Franjo Gregurić (; born 12 October 1939) is a Croatian politician who served as Prime Minister of Croatia from July 1991 to September 1992 leading a national unity government at the beginning of the Croatian War of Independence.

Gregurić was born in the Zagorje village of Lobor. He attended the Technical highschool in Zagreb, and then the Technical Faculty of the University of Zagreb.  His work experience included the chemical factories "Radonja" in Sisak, and "Chromos" in Zagreb, where he advanced to the positions of a technical director. He then became a high-ranking official of "Astra", a large state-owned company from Zagreb that exported to the Soviet Union, and Gregurić worked in Moscow for some time.

In the first democratic elections of 1990, Franjo Gregurić entered politics as a member of the Croatian Democratic Union. In the second Croatian government in 1990 he was a deputy prime minister.  On 17 July 1991, he was appointed to the post of prime minister by President Franjo Tuđman.

When he took his post, Croatia was in very difficult situation - its independence, declared on 25 June 1991, was not recognised by the international community and Croatia, unlike Slovenia, lacked proper military infrastructure to resist Krajina rebels backed by Yugoslav People's Army. Only few weeks later, following couple of disastrous setbacks for nascent and inexperienced Croatian military, his cabinet was reshuffled by introducing of members of other political parties represented in Croatian Parliament (with exception of Croatian Party of Rights).
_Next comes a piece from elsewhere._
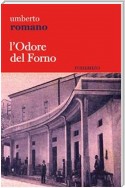 Odore del Forno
This cabinet, later dubbed as "Government of National Unity", was in charge when major combat operations in Croatia ceased on 3 January 1992, following UN-sponsored armistice. On 15 January 1992 Croatian independence was recognised by major European countries.

This is hailed as the greatest achievement of Gregurić's cabinet, while Gregurić himself enjoyed favourable reputation because of his mild manners and managerial skills. His cabinet was often taken as a great example of national unity under difficult situation.

Those achievements, however, must be taken into proper context. Foreign policy was in hands of Franjo Tuđman, while defence was in hands of Gojko Šušak and military officials responsible only to President. That left Gregurić with more mundane tasks like issuing first Croatian currency and setting up Croatian air traffic control and other institution previously in Yugoslav federal jurisdiction.

With war generally perceived to be over and with prospects of new elections, "Government of National Unity" began to fall apart. In February 1992 his government proposed the laws offering territorial autonomy to ethnic Serbs in Krajina in exchange for their formal recognition of Croatian sovereignty. Dražen Budiša, one of government's ministers and leader of Croatian Social Liberal Party, left the government in protest. This was followed by representative of other parties who gradually left the government.

By the end of his term, cabinet of Franjo Gregurić again had members of only one party.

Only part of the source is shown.